As a personal project, I want to implement MD5 on an FPGA, but I have some doubts about the specifics of the implementation. My first source of how the algorithm is implemented was the RFC 1321, where there is a pseudocode that explains that round 1 will be performed the following way:
/* Round 1. */
/* Let [abcd k s i] denote the operation
a = b + ((a + F(b,c,d) + X[k] + T[i]) <<< s). */
/* Do the following 16 operations. */
[ABCD 0 7 1] [DABC 1 12 2] [CDAB 2 17 3] [BCDA 3 22 4]
[ABCD 4 7 5] [DABC 5 12 6] [CDAB 6 17 7] [BCDA 7 22 8]
[ABCD 8 7 9] [DABC 9 12 10] [CDAB 10 17 11] [BCDA 11 22 12]
[ABCD 12 7 13] [DABC 13 12 14] [CDAB 14 17 15] [BCDA 15 22 16]
Ok. Fair enough. It broke my dreams to be able to parallelize the algorithm since in each step one variable (A, B, C, or D) is updated and each step needs the previous values.
So, looking for some way to parallelize some part of the algorithm I found this chapter of a book:
Hardware Implementation of Hash Functions
Table 2.1 of page 31(5) gives another formula for the algorithm. Sure, it is similar but is not the same.

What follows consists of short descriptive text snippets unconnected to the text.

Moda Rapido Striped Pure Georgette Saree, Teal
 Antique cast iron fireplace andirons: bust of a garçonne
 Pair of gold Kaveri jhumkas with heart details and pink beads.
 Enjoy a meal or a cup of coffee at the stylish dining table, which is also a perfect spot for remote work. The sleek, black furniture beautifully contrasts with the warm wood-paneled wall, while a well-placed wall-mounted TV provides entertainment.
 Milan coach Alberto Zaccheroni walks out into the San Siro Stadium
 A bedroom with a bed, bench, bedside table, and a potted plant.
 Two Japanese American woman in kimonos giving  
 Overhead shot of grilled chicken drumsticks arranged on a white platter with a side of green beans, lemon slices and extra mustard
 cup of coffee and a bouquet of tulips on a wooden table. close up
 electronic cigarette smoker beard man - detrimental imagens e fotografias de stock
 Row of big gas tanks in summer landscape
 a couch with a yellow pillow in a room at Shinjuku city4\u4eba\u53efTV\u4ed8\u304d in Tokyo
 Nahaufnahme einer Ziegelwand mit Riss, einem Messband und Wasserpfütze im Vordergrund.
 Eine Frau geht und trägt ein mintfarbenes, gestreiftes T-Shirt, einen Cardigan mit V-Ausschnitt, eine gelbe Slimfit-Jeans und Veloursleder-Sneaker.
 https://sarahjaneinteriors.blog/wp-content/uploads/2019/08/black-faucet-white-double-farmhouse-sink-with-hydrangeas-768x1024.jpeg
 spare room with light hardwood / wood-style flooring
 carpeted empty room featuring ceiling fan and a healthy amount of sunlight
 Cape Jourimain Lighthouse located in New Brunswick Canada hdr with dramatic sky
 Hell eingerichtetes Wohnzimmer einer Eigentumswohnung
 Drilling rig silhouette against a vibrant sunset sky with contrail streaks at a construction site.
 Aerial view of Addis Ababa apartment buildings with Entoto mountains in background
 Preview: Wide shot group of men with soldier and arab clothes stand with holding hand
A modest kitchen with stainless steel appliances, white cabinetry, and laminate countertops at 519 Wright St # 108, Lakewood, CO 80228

According to this book, the only value ever updated is B. Clearly, this is not the same as the original implementation as seen in RFC 1321.
My questions are:
- Is this another form of the original implementation with the exact same results? (I suppose so, but as the book does not explain the steps that led to the equations, I want to be sure)
- And how are those new equations derived?